Hello all! I’m a mentor for an FRC team. We’ve been experimenting with these great little Romi robots for a few months now and our coding team has learned more in this short time than in the last four years. What a great little platform.

We bought a Pololu arm kit for our Romi and have been figuring out how to put it together, again, learning so much. We got all the servos working and the arm together and working before mounting it on the Romi. The problem came when we mounted the arm on the Romi. We put in the four screws to hold the arm in place, put in the batteries (all six) and nothing. No cheerful little beep telling us the board was powered, no lights, nothing.

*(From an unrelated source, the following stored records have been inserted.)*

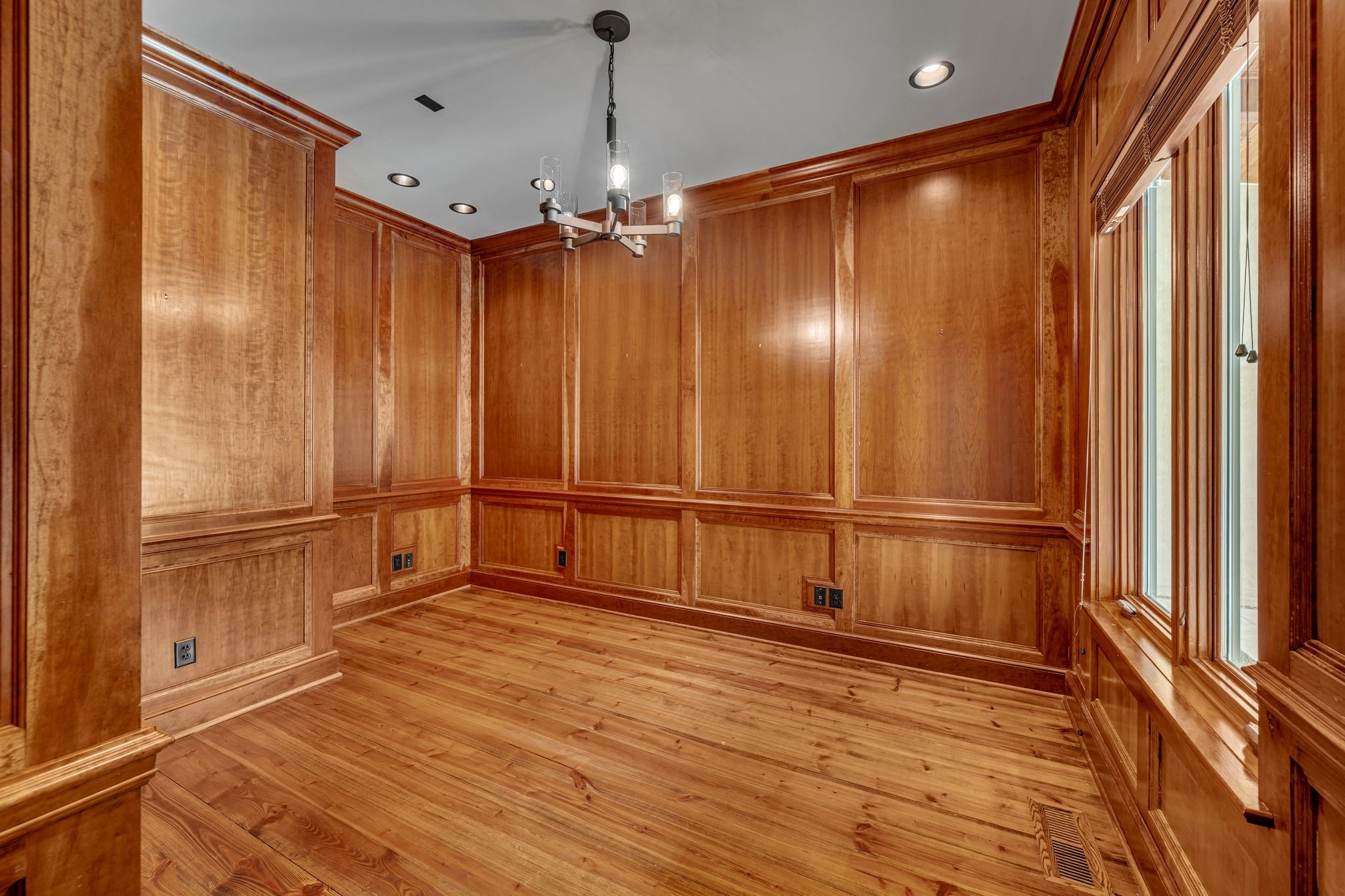 801 South Wilson Blvd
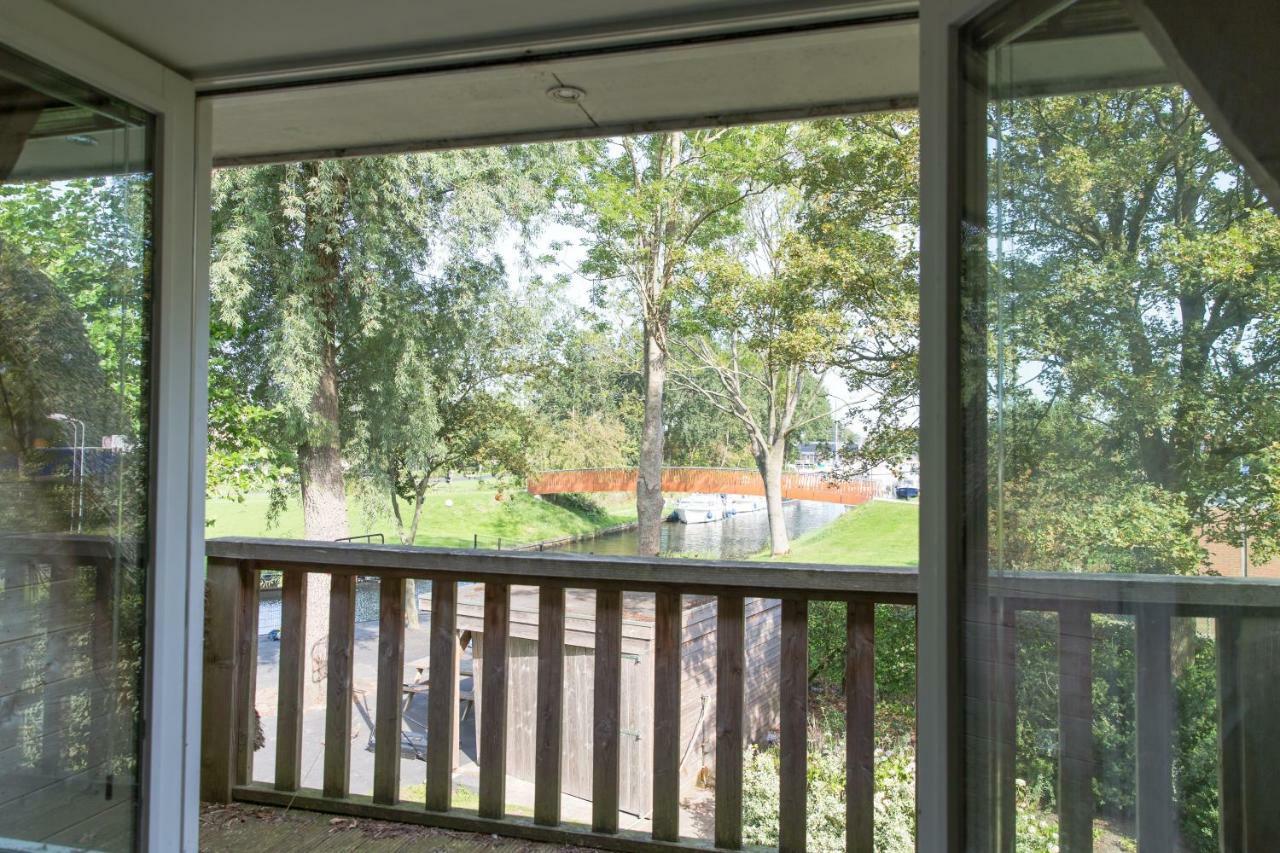 Appartement Uitzicht Op De Haven à Kollum Extérieur photo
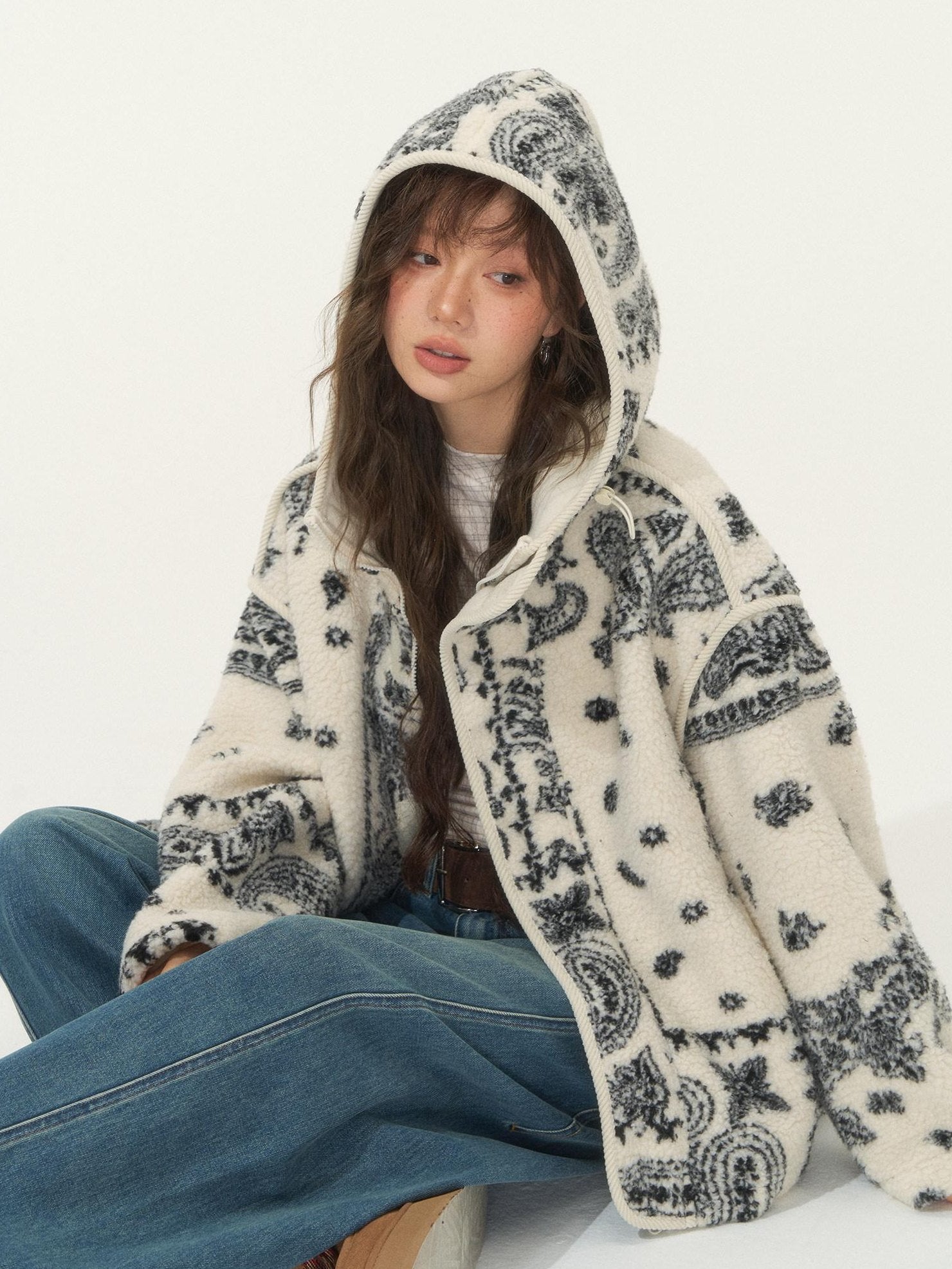 SOMESOWE Soft Fleece Warmth Casual Loose Fit Hooded Women Geometric Polyester Zip Jackets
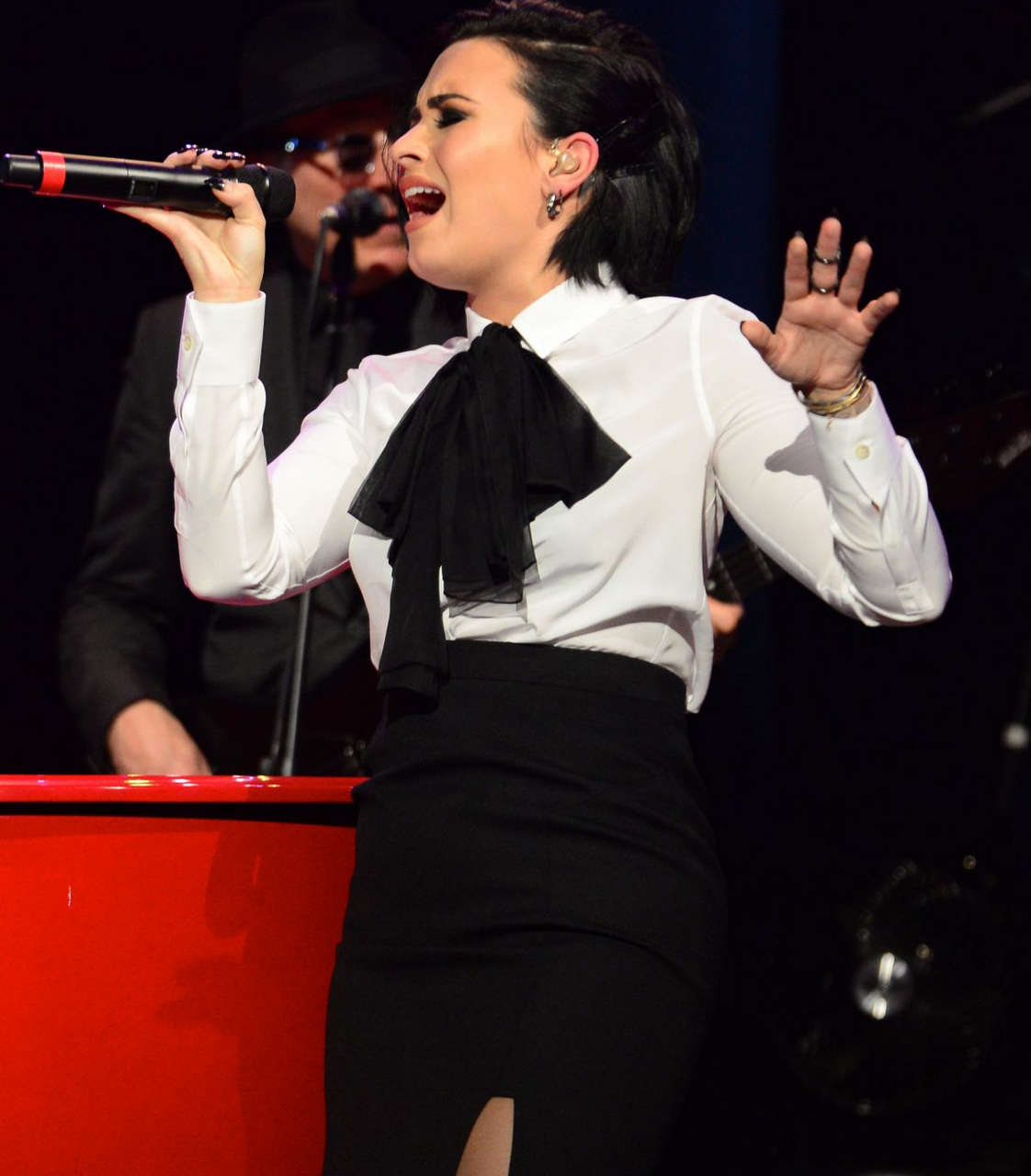 Demi Lovato Performs Wiltern Los Angeles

It seemed odd. I thought maybe the standoffs had touched something on 32U4 but it didn’t look like it. I took the four screws out and disconnected the servos. Reinstalled the batteries and still nothing. Now I’m starting to get a little concerned.

I connected a 5V battery to the micro-USB port and it powered up but the buzzer seemed to be signaling an error code every 3 seconds or so. I re-connected the Pi and powered up the board with the 5V battery again. The Pi booted and I connected to the WiFi. Everything looked normal on the Romi web page. I re-flashed the 32U4 from the Pi and that was successful but still no change. The buzzer still gives, what I assume is, an error code and the board won’t power from the batteries.

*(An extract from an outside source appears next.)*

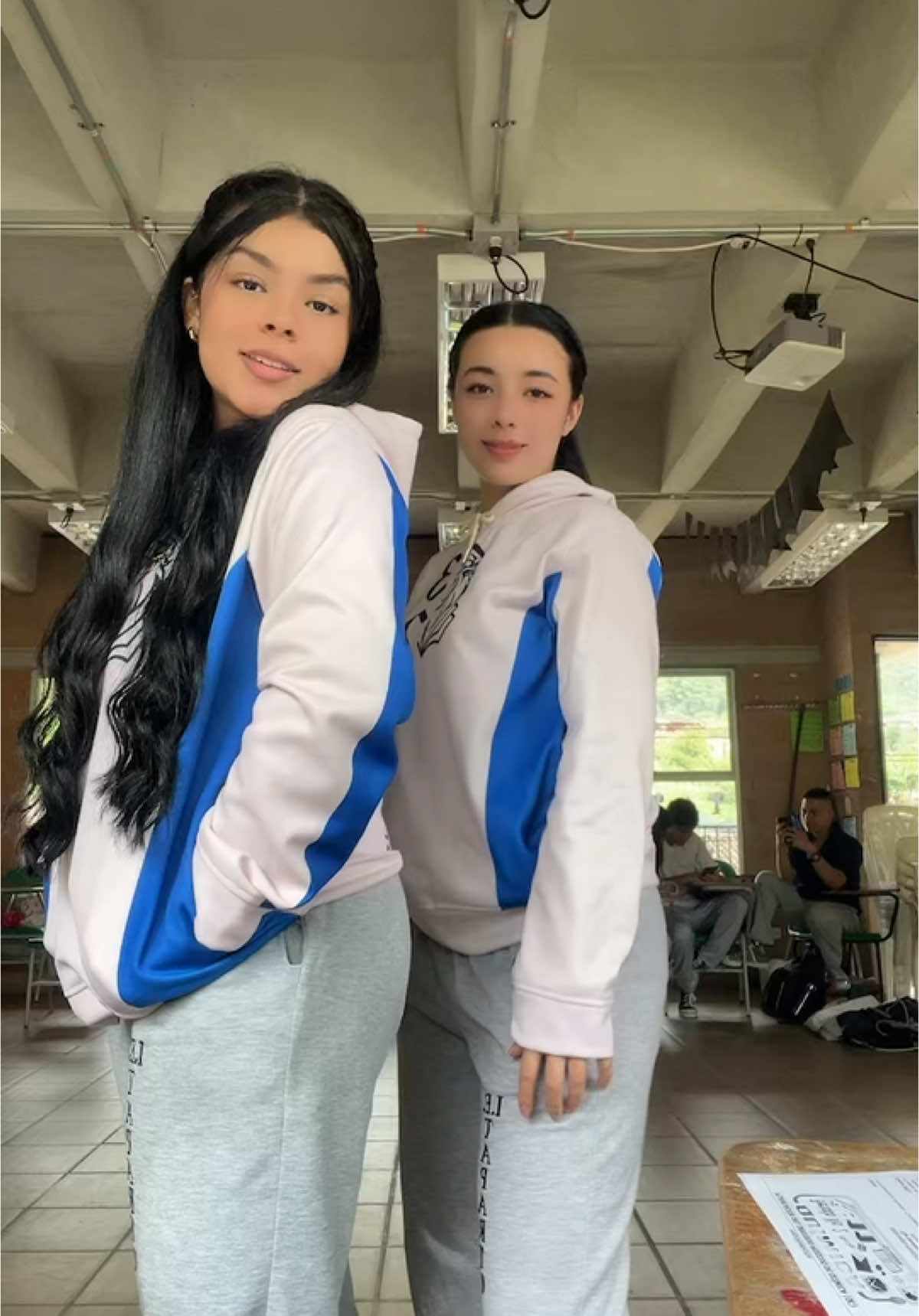 @𝓣𝓪𝓷𝓲𝓪 @María Fernanda 💙.
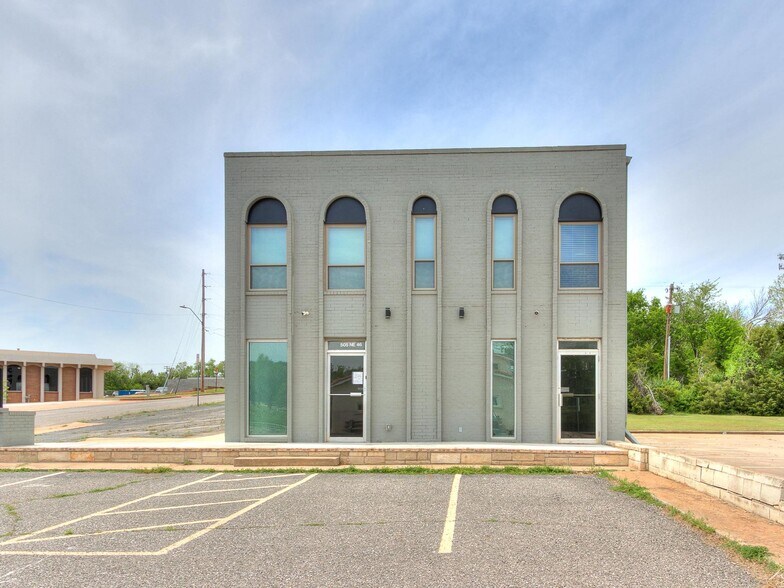 More Photos Of 505 NE 46th St, Oklahoma City Office For Lease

I read through several posts and someone with a similar problem was recommended to re-solder their battery connections. I did this but it didn’t change anything.

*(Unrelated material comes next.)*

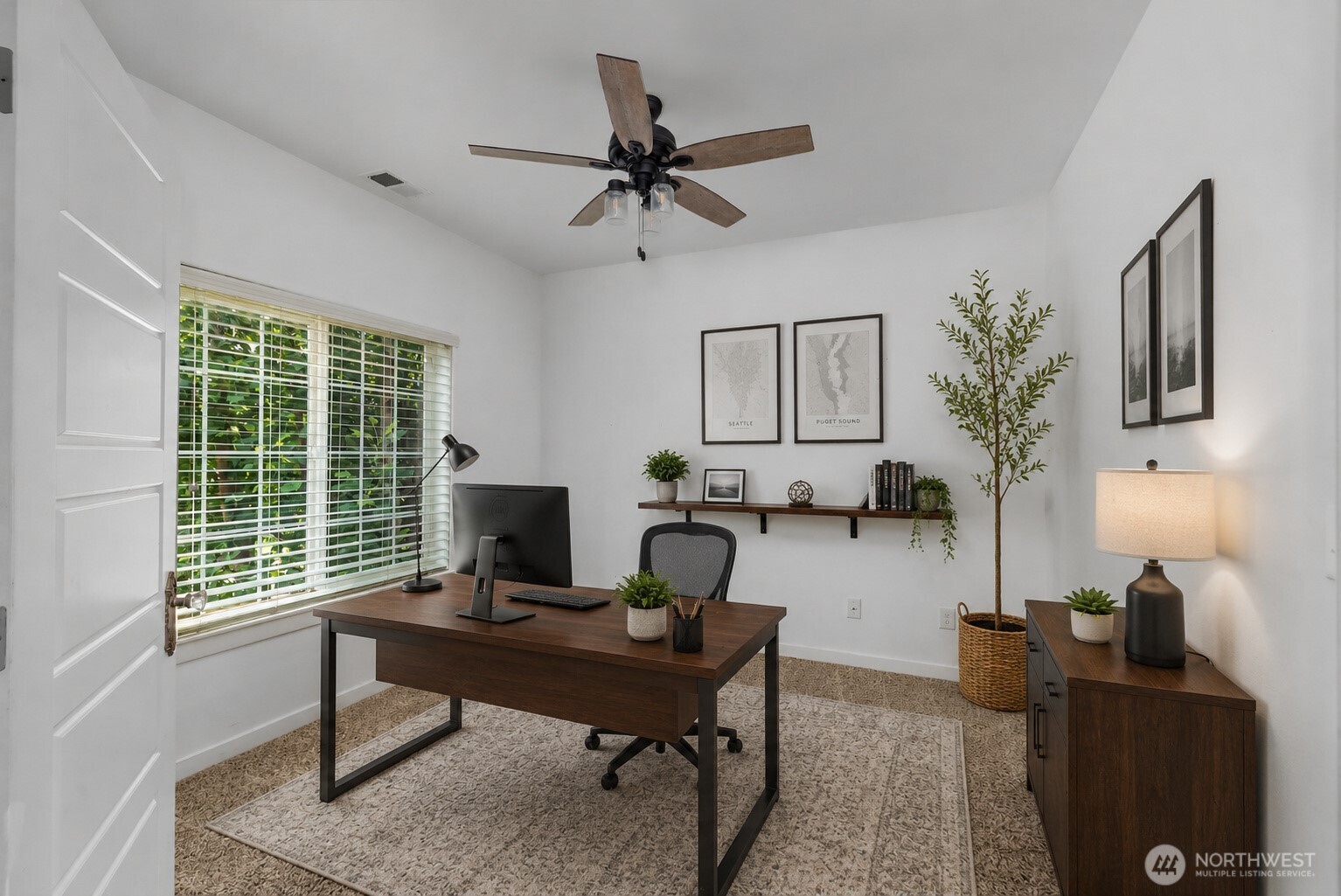 1735 Vista Loop Property Photo 3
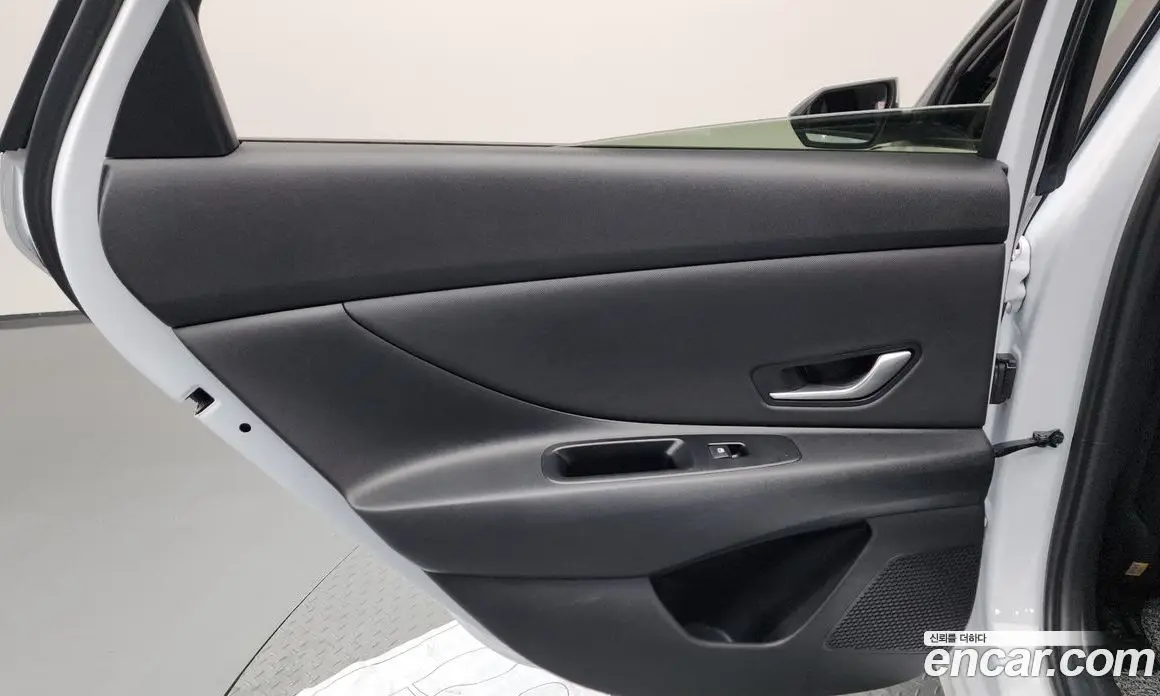 Hyundai Avante 2024 1.6 автомат (гидро), фото 15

So, I’m a little stuck and really hoping that someone out there might have some suggestions.

Thanks for reading.


Just to clarify, did your Romi 32U4 Robot work fine until you connected the servos to it? How were you powering the servos and how did you connect them to your Romi Robot?

Could you measure the voltage at the VBAT pin on the Romi 32U4 Control Board? Also, could you measure the voltage at VREG when the robot is powered from the batteries? I have indicated where VBAT and VREG are in the picture below with a blue and yellow circle respectively:


Hi Brandon,

Thanks for your response.

Our robot worked fine before and after connecting the servos. I soldered header pins on the front like in the photo and then just connected the servos to the pins. The servos worked great and we were able to program the arm to function with a joystick.


We didn’t have problems until we physically mounted the arm onto the robot. We lined up the standoffs, installed the four screws and then when we put the batteries in the robot seemed dead.

I have been able to power the board by connecting a battery pack to the micro-USB.

I get 8.17 volts on Vbat but nothing on Vreg. I assume that means there is something wrong with the voltage regulator circuit. Any suggestions on that?

It seems unlikely that just mounting the arm on the Romi would damage something, so I think we should look for other problems first. The main thing that jumps out at me is your 8.17V battery voltage, which makes it seem like you might be using mostly depleted alkaline batteries. If that is the case, can you try replacing them with freshly charged NiMH batteries or brand new alkalines (we generally recommend NiMH batteries for robots because they can deliver higher currents with less of a voltage drop than alkalines)? Also, can you try disconnecting the arm servos for now while we try to get your board working again?

By the way, please note that the 5V regulator on the Romi 32U4 Control Board cannot supply enough current to power all of the servos in that arm. Usually drawing too much current would just result in the voltage dropping and the board browning-out and resetting; however, it’s also possible that this could damage the regulator. We recommend using a higher-power external regulator to power the arm servos. You can find more information about this under the “Powering the servos” section of the Robot Arm Kit user’s guide.


I agree that mounting the arm didn’t likely cause any damage. The batteries I had in the Romi were NiMH batteries fresh from the charger which is why the voltage was high. I just measured them again and they are 7.8V.

Disconnecting the servos and the Raspberry Pi were the first things I did when I started having the problem so there is nothing connected to the board. At this point, the board is mounted to the chassis. The drive motors are still in place but other than that, nothing is connected to the board.

Thanks for the tip about 5V regulator and the servos. I had read about the possibility of a brownout situation. I also read that it was pretty easy to over volt the servos if they were powered directly from the batteries. Just got too excited to play around with the arm to build a separate circuit. I’ll check out the documentation you referenced.